Başbakan Recep Tayyip Erdoğan 1990 yılında Sakarya'da yaptığı bir konuşmada aynen şunları söyledi: "Avrupa Topluluğu, ona zaten girmeyeceğiz. Yahu nasıl diyorsun ya, giriyorlar işte. Yok, merak etmeyin, almayacaklar bizi. Ben keramet ehli felan değilim ama haber veriyoruz. Almayacaklar, ama işin hakikatini bilmek lâzım. Avrupa Topluluğu Hristiyan/Katolik devletler birliğidir. Bu kazanın içerisine biz girmeyeceğiz. Niye? Çünkü onların dinini kabul etmediğiniz müddetçe, onlar zaten sizi kendilerinden kabul etmeyecektir. Şimdi yapılan nedir? Oyalama taktiği. Niye? Oyalarızda Kıbrıs'ı alırız belki ellerinden, oyalayalım da belki Ermeni Soykırımını kabul ettiriz. Dert bu, ama inşaallah geliyoruz. Avrupa Topluluğuna almayacaklar ve girmeyeceğiz!" 2004 yılında ise "AB'ye giriyoruz" diye Kızılay Meydanında şölen yapıldı ve gündüz vakti havai fişekler patlatıldı. Yine 2004 yılında Roma'da, İslâm düşmanı Papa Heykeli'nin önünde AB Anayasası imzalandı.

Başbakan bugün Ortadoğu'yu kan gölüne çevrin, Irak'da 1,5 milyon Müslümanın katledilmesine sebep olan Büyük Ortadoğu Projesi'nin Eşbaşkanı olduğunu gururla ilan etti. Kendi milletvekili BOP için "Yahudi menşeli, İsrail menşeli proje" dedi.
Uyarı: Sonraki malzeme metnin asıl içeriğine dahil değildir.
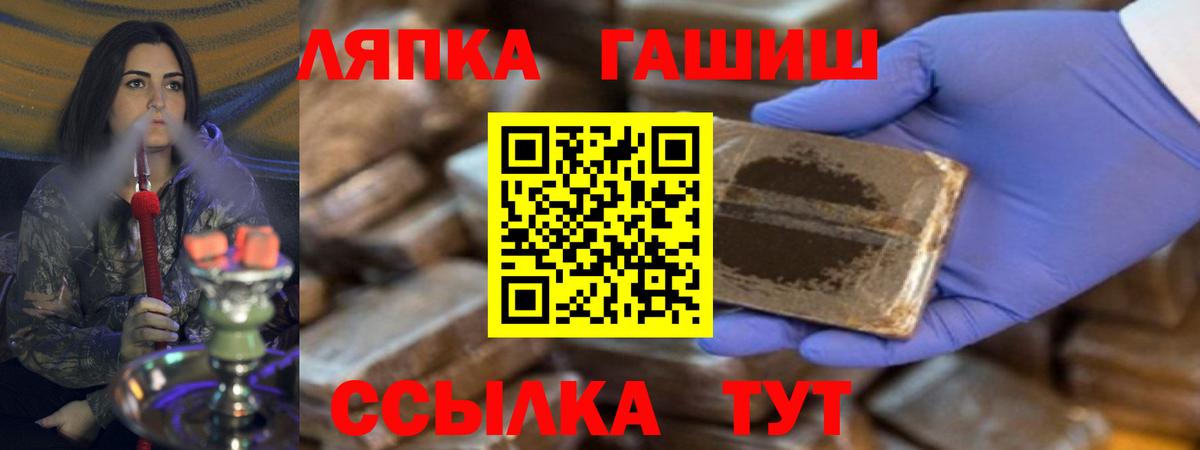 Кулебаки  Гашиш Ice-O-Lator  ГАШИШ  ГАШИШ Ice-O-Lator  Вход с VPN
1 Mart Tezkeresini Meclisten geçirmeye başbakanın gücü yetmedi, ama Irak'ı yakıp yıkan ABD askerlerinin ülkelerine sağsalim dönmeleri için dua ettiğini bütün dünyaya ilan etti. Tarihin gördüğü en ağır işkencelerin yapıldığı, insanlık suçu işlenen Guantonamo Hapishanesine götürülen Müslümanlar için İncirlik üssünün tahsis edildiği ortaya çıktı. Irak'da Türk askerinin kafasına çuval geçirildi. Başbakana, "Nota verilecek mi?" diye sordular, "Müzik notası mı verelim?" diyerek alay etti.
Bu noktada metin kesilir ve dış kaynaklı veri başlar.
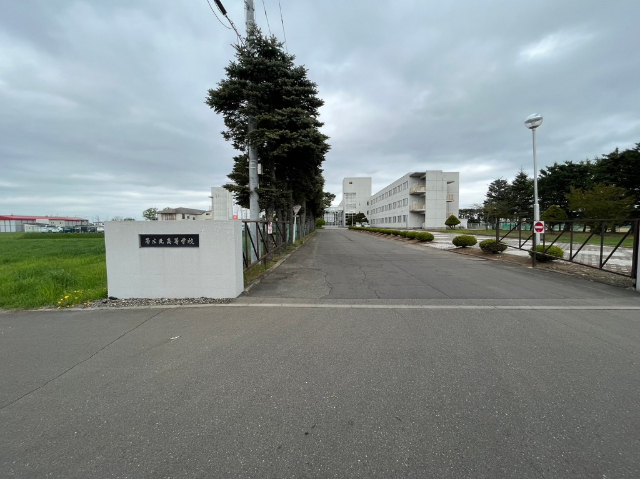 高校・高専　私立帯広北高校（高校・高専）まで2255m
Suriye sınırındaki mayınlı arazilerimizi İsraillilere 49 yıllığına kiralamak için TBMM'den kanun geçirildi. İlk kez Yunan kilise bankası Türkiye'de banka satın aldı. Dubai anlaşmasıyla 1 milyon dolar karşılığında Kuzey Irak'a yapılacak sınırötesi operasyonların engelleneceği teminatı verildi.

Ermeni iftiralarının alenileştirilmesi için Erivan'a gidip Türk kanını temsil eden Ermeni bayrağı altında maç seyredildi. Bundan cesaret alan Ermeniler iftiralarını bütün dünyaya kabul ettirmek için harekete geçtiler. İftira tasarısını kabul eden ülke sayısı 10 misli arttı. Buna karşılık kardeş Azerbaycan küstürüldü ve Türk Cumhuriyetleri unutuldu. Barzani kırmızı halılarla karşılanıp akrabalık bağları kurulurken Kuzey Irak'da Türkmen varlığı yok sayıldı.

Hain ve bölücüler iki dili, iki bayrağı, özerk yapıyı, federasyonu tartışırken, terörle mücadele etmiş komutanlar neyle suçlandıklarını bilmeden içeri alındılar. İstisnasız herkes dinlendiği ve takip edildiği endişesi taşıyor. Başbakan bunun adına "ileri demokrasi" diyor.

Yazmakla bitecek gibi değil. Şimdilik bu kadarla yetinelim.